This year, The Trussell Trust turns 20, and our network of 428 foodbanks has once again distributed more emergency food to people in crisis than ever before.
In our time as a charity there have been many high points. It has been an honour to work with passionate people in communities across the UK to develop practical solutions to poverty. But nothing can mask the sad reality that we're only here because people are going hungry.
When people are referred to us for a food parcel, they've most likely tried everything they can to get back on their feet, but it just hasn't worked. That's why we're here to give them a cup of tea, a listening ear, and some food. We work hard to give people hope and extra support so that they recover from their crisis and will not need emergency food in the future.
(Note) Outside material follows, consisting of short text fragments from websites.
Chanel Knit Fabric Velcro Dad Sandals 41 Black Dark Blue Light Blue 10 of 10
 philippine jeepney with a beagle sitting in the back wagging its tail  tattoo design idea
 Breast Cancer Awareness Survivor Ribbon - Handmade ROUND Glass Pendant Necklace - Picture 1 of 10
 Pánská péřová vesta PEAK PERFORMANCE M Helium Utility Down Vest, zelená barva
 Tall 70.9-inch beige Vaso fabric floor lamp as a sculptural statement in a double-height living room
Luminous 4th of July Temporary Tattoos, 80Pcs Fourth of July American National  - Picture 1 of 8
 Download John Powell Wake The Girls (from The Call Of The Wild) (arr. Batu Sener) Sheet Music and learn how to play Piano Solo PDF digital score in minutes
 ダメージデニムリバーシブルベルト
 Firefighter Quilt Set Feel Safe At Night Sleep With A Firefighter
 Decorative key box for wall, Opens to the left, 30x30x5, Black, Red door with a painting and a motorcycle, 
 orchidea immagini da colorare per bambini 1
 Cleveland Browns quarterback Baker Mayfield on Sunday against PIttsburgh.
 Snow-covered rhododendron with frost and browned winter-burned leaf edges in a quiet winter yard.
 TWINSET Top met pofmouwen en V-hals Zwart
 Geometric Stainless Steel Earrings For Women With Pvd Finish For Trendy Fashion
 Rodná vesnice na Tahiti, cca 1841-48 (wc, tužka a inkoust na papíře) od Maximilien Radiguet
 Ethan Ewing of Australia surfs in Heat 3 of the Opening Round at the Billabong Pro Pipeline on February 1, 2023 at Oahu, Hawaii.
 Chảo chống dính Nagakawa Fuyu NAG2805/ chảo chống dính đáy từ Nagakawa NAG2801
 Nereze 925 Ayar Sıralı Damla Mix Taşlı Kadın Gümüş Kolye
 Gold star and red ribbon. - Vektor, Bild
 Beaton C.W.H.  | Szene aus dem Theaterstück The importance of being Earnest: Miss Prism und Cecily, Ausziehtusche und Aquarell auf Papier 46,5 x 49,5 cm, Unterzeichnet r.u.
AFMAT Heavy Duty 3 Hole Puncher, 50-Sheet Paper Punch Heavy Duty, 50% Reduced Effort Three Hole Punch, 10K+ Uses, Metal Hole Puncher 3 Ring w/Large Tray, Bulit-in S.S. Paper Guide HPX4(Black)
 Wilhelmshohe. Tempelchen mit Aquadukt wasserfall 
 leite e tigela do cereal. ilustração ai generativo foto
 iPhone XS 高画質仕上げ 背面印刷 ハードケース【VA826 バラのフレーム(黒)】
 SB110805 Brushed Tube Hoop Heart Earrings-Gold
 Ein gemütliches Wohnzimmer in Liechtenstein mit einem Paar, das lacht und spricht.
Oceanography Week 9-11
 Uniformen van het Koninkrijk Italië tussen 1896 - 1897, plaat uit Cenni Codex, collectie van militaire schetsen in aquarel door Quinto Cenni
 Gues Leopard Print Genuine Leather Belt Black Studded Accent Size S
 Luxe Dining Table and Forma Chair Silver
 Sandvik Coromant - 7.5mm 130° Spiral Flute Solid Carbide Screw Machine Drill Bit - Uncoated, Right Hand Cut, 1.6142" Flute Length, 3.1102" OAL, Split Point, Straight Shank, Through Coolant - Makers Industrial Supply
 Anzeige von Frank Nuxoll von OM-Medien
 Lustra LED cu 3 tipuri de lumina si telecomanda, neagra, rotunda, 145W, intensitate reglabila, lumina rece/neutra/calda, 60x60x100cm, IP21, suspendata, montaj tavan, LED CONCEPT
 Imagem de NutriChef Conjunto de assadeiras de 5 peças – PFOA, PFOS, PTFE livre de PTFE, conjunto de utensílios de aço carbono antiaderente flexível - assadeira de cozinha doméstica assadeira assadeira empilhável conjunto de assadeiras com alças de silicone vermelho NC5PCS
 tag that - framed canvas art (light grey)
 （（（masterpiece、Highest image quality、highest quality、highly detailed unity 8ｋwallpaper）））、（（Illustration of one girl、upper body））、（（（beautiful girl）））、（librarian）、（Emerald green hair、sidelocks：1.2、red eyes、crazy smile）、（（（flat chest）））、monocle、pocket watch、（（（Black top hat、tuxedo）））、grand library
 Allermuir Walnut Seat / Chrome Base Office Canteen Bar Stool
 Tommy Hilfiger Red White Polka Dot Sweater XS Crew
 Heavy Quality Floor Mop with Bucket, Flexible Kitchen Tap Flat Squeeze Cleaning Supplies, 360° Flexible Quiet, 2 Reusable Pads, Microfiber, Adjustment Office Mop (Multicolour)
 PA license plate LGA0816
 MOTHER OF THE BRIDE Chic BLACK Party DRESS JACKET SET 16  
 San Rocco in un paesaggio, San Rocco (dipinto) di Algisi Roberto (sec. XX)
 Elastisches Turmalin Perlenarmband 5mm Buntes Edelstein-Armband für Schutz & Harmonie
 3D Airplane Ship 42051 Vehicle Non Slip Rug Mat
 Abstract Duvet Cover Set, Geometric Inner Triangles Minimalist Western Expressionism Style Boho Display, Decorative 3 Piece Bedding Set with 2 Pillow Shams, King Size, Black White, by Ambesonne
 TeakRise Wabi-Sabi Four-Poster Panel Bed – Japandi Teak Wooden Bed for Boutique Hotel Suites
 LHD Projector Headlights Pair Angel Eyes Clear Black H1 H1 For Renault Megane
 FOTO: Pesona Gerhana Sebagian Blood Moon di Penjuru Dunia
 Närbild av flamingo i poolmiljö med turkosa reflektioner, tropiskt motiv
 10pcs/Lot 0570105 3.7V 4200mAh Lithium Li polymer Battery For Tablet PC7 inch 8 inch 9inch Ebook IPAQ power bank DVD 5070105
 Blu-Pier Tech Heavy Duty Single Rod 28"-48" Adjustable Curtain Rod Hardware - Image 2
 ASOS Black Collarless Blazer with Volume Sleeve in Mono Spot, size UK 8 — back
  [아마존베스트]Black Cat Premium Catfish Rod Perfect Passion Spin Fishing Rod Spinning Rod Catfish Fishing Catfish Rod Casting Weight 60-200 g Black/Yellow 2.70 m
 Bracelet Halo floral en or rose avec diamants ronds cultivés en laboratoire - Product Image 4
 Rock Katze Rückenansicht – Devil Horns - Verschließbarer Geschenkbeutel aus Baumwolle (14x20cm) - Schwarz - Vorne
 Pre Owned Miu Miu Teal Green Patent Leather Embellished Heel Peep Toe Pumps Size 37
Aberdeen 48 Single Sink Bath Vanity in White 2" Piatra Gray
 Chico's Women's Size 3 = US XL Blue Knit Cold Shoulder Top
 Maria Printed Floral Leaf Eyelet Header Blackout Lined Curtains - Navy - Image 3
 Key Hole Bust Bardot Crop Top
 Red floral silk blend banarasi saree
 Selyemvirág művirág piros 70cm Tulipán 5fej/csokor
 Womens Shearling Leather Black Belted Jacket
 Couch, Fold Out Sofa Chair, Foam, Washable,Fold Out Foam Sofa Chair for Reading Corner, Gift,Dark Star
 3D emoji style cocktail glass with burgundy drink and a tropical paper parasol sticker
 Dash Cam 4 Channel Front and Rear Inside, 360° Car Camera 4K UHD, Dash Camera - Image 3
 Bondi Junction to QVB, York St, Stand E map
But in this role we have consistently refused to be just an emergency response. Firstly we have been developing a More than Food programme to offer support and advice, and secondly we have been gathering data and undertaking research into the reasons why people come to foodbanks. Ever since we started noticing foodbank use was increasing, we've been vocal about what we have found and keen to work with politicians, businesses and other charities to tackle hunger in communities up and down the country.
Today, The Trussell Trust released new foodbank statistics revealing that over 1,182,000 three day emergency food supplies were given to people in crisis in past year, with over 436,000 given to children. Issues with benefits continued to be the main reason why people were referred to us.
It's not new for foodbank figures to be increasing. But this year something's changed.
Today we also release Early Warnings, a report focused on Universal Credit - the new system of administering benefits which is currently being rolled out across the UK. Ever since we began to partner with communities to tackle poverty and hunger from the frontline, the insights of our Foodbank Network have been seen by some as 'early warning signs' of the effects policy level changes can have on the ground.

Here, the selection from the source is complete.